All of this was a fine example of the drama inherent in a high-profile congressional hearing, which, for better or worse, is where the American public often builds its impression of Congress. There are plenty of tedious hearings on Capitol Hill — though they are often just as important, if not more so, as the ones that attract a media scrum. But the hearings that rivet the public's attention, play to a packed room, and command that evening's news cycle showcase Congress at both its best and worst. 

Members can appear deeply knowledgeable and appallingly ignorant, angry and sympathetic, impressive and lackluster. They can pander to mass opinion, showboat, ask silly questions, and ignore or misstate the facts. They can also ask tough, penetrating questions, hold public figures to account for their actions, and build Americans' understanding of thorny national problems. Sometimes you can see all of this in the space of a single hearing — and, from time to time, in a single member. 

For the witnesses in the limelight, the stakes are high. Careers and reputations get made and broken in congressional hearing rooms, and causes advanced or destroyed. Yet in the end, hearings like these are part of the work of the Congress — staged and run to serve the purposes of members. 

Indeed, if I were to offer one piece of advice above all to someone called to testify, it would be to remember this overriding fact: The hearing is more about advancing the interests of the members attending than about you. The cameras may all be trained on you and the reporters jotting down every word you say, but you are there to serve the purposes of the politicians arrayed in front of you — for publicity, for channeling public sentiment, for scoring political points, and even for digging deeply into a problem in a praiseworthy effort to build public understanding. 

With that in mind, here are a few pointers for people who find themselves on the spotlit side of a witness table: 

Prepare carefully. I mean this both in an intellectual sense — you want to have your thoughts, arguments, and facts composed before you get to Capitol Hill — as well as a physical sense. A high-profile hearing can go on for hours without any break. All witnesses are advised to drink liquids sparingly, or not at all, to prepare for a long ordeal. My guess is that advice led to Gen. David Petraeus fainting at a recent hearing. 

Be confident and credible, and advocate your position as clearly and forcefully as you can while remaining polite and respectful of the committee. Members of Congress will undoubtedly challenge you, and you need to remember that they're doing their jobs, not just seeking 15 seconds on the evening news. Don't get upset if you're contradicted; just focus on the message you want to get across, and remember to keep it simple. 
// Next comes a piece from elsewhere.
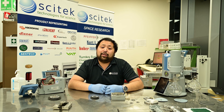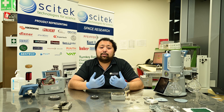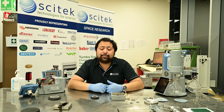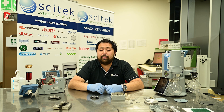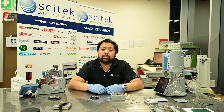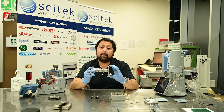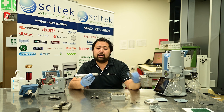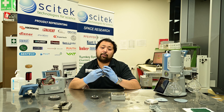Now we've finally reached the part of the video which I'm guessing is why you started watching: how do you service your diaphragm pump? Servicing diaphragm pumps is not particularly complicated — it just takes a little bit of time, patience, and a couple of tools. For starters, you'll need a diaphragm wrench, which goes around the outside of the backing plate of the diaphragm and allows you to remove it from the head.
Always remain calm and polite, no matter how explosive or provocative members become. You won't harm your cause by keeping your temper; you almost certainly will by losing it. Remember that hearings set the stage for the future: If you pick a fight, you may very well win it at the moment, but you'll almost certainly lose it in the legislation that emerges. 

Answer the questions you're asked; don't dodge or ignore them. If you don't know the answer, just say so, and afterward look up the answer and furnish it to committee staff and members. That's how you build credibility. 

Finally, while this might seem an odd admonition, enjoy yourself. High-profile hearings are political theater on a national stage, and while the stakes may be high, taking a step back to appreciate the drama of the moment will help you savor a singular experience. 

(Lee Hamilton is Director of the Center on Congress at Indiana University. He was a member of the U.S. House of Representatives for 34 years.)